§ Work instructions: All records given below must be printed word for word.

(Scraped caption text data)
--

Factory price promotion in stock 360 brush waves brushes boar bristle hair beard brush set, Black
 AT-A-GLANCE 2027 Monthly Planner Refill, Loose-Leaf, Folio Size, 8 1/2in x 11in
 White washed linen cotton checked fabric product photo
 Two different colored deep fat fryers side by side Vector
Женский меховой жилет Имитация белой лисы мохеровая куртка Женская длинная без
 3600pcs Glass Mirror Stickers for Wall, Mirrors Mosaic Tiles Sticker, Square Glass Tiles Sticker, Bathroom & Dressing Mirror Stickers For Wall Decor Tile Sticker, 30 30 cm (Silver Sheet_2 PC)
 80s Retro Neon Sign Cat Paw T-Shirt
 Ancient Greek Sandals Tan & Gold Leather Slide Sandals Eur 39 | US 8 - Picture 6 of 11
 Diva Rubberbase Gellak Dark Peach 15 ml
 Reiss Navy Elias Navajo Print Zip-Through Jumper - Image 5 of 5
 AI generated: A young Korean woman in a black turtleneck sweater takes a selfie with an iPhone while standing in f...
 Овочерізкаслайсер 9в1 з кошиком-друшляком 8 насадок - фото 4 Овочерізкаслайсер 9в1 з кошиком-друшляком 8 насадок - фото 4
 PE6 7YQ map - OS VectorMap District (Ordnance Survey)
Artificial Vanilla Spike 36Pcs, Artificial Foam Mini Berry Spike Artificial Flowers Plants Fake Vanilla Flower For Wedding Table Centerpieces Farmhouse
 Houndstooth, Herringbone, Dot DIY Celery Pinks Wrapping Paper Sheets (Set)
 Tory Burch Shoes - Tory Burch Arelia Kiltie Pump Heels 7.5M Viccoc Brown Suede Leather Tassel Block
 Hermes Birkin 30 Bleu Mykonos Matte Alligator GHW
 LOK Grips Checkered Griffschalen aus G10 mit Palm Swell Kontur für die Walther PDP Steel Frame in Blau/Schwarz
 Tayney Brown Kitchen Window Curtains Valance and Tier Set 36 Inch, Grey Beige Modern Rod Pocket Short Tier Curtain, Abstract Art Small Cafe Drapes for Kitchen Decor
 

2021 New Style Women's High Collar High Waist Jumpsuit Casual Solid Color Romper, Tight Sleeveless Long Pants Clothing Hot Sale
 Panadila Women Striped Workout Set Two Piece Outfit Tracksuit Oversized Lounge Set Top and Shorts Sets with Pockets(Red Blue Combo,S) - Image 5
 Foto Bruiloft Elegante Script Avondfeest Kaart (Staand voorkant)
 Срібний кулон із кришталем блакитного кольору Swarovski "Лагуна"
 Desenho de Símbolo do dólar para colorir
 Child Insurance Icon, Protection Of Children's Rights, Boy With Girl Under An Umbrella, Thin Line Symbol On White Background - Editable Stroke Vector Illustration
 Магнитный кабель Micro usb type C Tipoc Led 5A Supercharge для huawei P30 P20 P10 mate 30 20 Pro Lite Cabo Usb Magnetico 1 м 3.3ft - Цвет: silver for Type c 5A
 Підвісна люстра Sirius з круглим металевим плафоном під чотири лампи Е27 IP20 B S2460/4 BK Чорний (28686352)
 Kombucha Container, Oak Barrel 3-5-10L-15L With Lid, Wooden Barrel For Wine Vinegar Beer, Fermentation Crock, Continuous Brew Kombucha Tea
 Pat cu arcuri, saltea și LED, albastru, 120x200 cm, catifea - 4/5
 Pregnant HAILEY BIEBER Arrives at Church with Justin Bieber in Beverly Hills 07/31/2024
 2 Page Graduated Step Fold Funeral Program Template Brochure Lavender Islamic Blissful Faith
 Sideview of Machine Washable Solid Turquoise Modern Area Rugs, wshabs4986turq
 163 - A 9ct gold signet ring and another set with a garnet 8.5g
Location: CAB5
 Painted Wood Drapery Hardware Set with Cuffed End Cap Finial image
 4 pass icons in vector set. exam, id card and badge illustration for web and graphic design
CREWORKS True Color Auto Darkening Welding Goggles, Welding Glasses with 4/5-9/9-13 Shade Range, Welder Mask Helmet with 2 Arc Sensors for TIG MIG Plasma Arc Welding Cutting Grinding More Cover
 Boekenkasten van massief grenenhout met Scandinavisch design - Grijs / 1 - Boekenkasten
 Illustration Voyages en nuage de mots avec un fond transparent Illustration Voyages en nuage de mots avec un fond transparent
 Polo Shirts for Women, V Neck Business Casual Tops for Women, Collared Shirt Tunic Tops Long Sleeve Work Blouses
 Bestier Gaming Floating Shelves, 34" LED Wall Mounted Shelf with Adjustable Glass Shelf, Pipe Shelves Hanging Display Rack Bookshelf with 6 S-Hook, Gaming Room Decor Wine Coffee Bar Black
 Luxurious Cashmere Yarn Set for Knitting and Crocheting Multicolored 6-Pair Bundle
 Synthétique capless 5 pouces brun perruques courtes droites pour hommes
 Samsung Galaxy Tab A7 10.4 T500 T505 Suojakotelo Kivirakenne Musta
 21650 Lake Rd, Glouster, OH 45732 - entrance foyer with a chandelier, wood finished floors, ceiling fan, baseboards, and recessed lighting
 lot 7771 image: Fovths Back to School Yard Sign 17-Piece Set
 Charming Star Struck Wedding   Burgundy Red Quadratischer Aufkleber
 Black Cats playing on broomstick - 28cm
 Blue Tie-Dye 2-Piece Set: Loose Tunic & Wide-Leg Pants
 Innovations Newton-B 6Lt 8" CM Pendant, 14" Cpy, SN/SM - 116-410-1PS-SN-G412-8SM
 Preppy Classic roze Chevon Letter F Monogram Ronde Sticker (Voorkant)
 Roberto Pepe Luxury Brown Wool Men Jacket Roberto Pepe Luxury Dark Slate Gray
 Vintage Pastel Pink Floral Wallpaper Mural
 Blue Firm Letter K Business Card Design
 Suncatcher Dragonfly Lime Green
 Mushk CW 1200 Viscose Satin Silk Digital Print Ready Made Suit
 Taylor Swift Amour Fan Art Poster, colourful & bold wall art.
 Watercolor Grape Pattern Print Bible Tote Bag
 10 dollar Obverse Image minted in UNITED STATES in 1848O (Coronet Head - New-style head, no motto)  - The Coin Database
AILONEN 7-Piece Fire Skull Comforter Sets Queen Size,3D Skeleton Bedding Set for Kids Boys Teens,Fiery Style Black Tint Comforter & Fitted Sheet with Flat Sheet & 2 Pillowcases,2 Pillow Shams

--

§ Written solution:
Factory price promotion in stock 360 brush waves brushes boar bristle hair beard brush set, Black
 AT-A-GLANCE 2027 Monthly Planner Refill, Loose-Leaf, Folio Size, 8 1/2in x 11in
 White washed linen cotton checked fabric product photo
 Two different colored deep fat fryers side by side Vector
Женский меховой жилет Имитация белой лисы мохеровая куртка Женская длинная без
 3600pcs Glass Mirror Stickers for Wall, Mirrors Mosaic Tiles Sticker, Square Glass Tiles Sticker, Bathroom & Dressing Mirror Stickers For Wall Decor Tile Sticker, 30 30 cm (Silver Sheet_2 PC)
 80s Retro Neon Sign Cat Paw T-Shirt
 Ancient Greek Sandals Tan & Gold Leather Slide Sandals Eur 39 | US 8 - Picture 6 of 11
 Diva Rubberbase Gellak Dark Peach 15 ml
 Reiss Navy Elias Navajo Print Zip-Through Jumper - Image 5 of 5
 AI generated: A young Korean woman in a black turtleneck sweater takes a selfie with an iPhone while standing in f...
 Овочерізкаслайсер 9в1 з кошиком-друшляком 8 насадок - фото 4 Овочерізкаслайсер 9в1 з кошиком-друшляком 8 насадок - фото 4
 PE6 7YQ map - OS VectorMap District (Ordnance Survey)
Artificial Vanilla Spike 36Pcs, Artificial Foam Mini Berry Spike Artificial Flowers Plants Fake Vanilla Flower For Wedding Table Centerpieces Farmhouse
 Houndstooth, Herringbone, Dot DIY Celery Pinks Wrapping Paper Sheets (Set)
 Tory Burch Shoes - Tory Burch Arelia Kiltie Pump Heels 7.5M Viccoc Brown Suede Leather Tassel Block
 Hermes Birkin 30 Bleu Mykonos Matte Alligator GHW
 LOK Grips Checkered Griffschalen aus G10 mit Palm Swell Kontur für die Walther PDP Steel Frame in Blau/Schwarz
 Tayney Brown Kitchen Window Curtains Valance and Tier Set 36 Inch, Grey Beige Modern Rod Pocket Short Tier Curtain, Abstract Art Small Cafe Drapes for Kitchen Decor
 

2021 New Style Women's High Collar High Waist Jumpsuit Casual Solid Color Romper, Tight Sleeveless Long Pants Clothing Hot Sale
 Panadila Women Striped Workout Set Two Piece Outfit Tracksuit Oversized Lounge Set Top and Shorts Sets with Pockets(Red Blue Combo,S) - Image 5
 Foto Bruiloft Elegante Script Avondfeest Kaart (Staand voorkant)
 Срібний кулон із кришталем блакитного кольору Swarovski "Лагуна"
 Desenho de Símbolo do dólar para colorir
 Child Insurance Icon, Protection Of Children's Rights, Boy With Girl Under An Umbrella, Thin Line Symbol On White Background - Editable Stroke Vector Illustration
 Магнитный кабель Micro usb type C Tipoc Led 5A Supercharge для huawei P30 P20 P10 mate 30 20 Pro Lite Cabo Usb Magnetico 1 м 3.3ft - Цвет: silver for Type c 5A
 Підвісна люстра Sirius з круглим металевим плафоном під чотири лампи Е27 IP20 B S2460/4 BK Чорний (28686352)
 Kombucha Container, Oak Barrel 3-5-10L-15L With Lid, Wooden Barrel For Wine Vinegar Beer, Fermentation Crock, Continuous Brew Kombucha Tea
 Pat cu arcuri, saltea și LED, albastru, 120x200 cm, catifea - 4/5
 Pregnant HAILEY BIEBER Arrives at Church with Justin Bieber in Beverly Hills 07/31/2024
 2 Page Graduated Step Fold Funeral Program Template Brochure Lavender Islamic Blissful Faith
 Sideview of Machine Washable Solid Turquoise Modern Area Rugs, wshabs4986turq
 163 - A 9ct gold signet ring and another set with a garnet 8.5g
Location: CAB5
 Painted Wood Drapery Hardware Set with Cuffed End Cap Finial image
 4 pass icons in vector set. exam, id card and badge illustration for web and graphic design
CREWORKS True Color Auto Darkening Welding Goggles, Welding Glasses with 4/5-9/9-13 Shade Range, Welder Mask Helmet with 2 Arc Sensors for TIG MIG Plasma Arc Welding Cutting Grinding More Cover
 Boekenkasten van massief grenenhout met Scandinavisch design - Grijs / 1 - Boekenkasten
 Illustration Voyages en nuage de mots avec un fond transparent Illustration Voyages en nuage de mots avec un fond transparent
 Polo Shirts for Women, V Neck Business Casual Tops for Women, Collared Shirt Tunic Tops Long Sleeve Work Blouses
 Bestier Gaming Floating Shelves, 34" LED Wall Mounted Shelf with Adjustable Glass Shelf, Pipe Shelves Hanging Display Rack Bookshelf with 6 S-Hook, Gaming Room Decor Wine Coffee Bar Black
 Luxurious Cashmere Yarn Set for Knitting and Crocheting Multicolored 6-Pair Bundle
 Synthétique capless 5 pouces brun perruques courtes droites pour hommes
 Samsung Galaxy Tab A7 10.4 T500 T505 Suojakotelo Kivirakenne Musta
 21650 Lake Rd, Glouster, OH 45732 - entrance foyer with a chandelier, wood finished floors, ceiling fan, baseboards, and recessed lighting
 lot 7771 image: Fovths Back to School Yard Sign 17-Piece Set
 Charming Star Struck Wedding   Burgundy Red Quadratischer Aufkleber
 Black Cats playing on broomstick - 28cm
 Blue Tie-Dye 2-Piece Set: Loose Tunic & Wide-Leg Pants
 Innovations Newton-B 6Lt 8" CM Pendant, 14" Cpy, SN/SM - 116-410-1PS-SN-G412-8SM
 Preppy Classic roze Chevon Letter F Monogram Ronde Sticker (Voorkant)
 Roberto Pepe Luxury Brown Wool Men Jacket Roberto Pepe Luxury Dark Slate Gray
 Vintage Pastel Pink Floral Wallpaper Mural
 Blue Firm Letter K Business Card Design
 Suncatcher Dragonfly Lime Green
 Mushk CW 1200 Viscose Satin Silk Digital Print Ready Made Suit
 Taylor Swift Amour Fan Art Poster, colourful & bold wall art.
 Watercolor Grape Pattern Print Bible Tote Bag
 10 dollar Obverse Image minted in UNITED STATES in 1848O (Coronet Head - New-style head, no motto)  - The Coin Database
AILONEN 7-Piece Fire Skull Comforter Sets Queen Size,3D Skeleton Bedding Set for Kids Boys Teens,Fiery Style Black Tint Comforter & Fitted Sheet with Flat Sheet & 2 Pillowcases,2 Pillow Shams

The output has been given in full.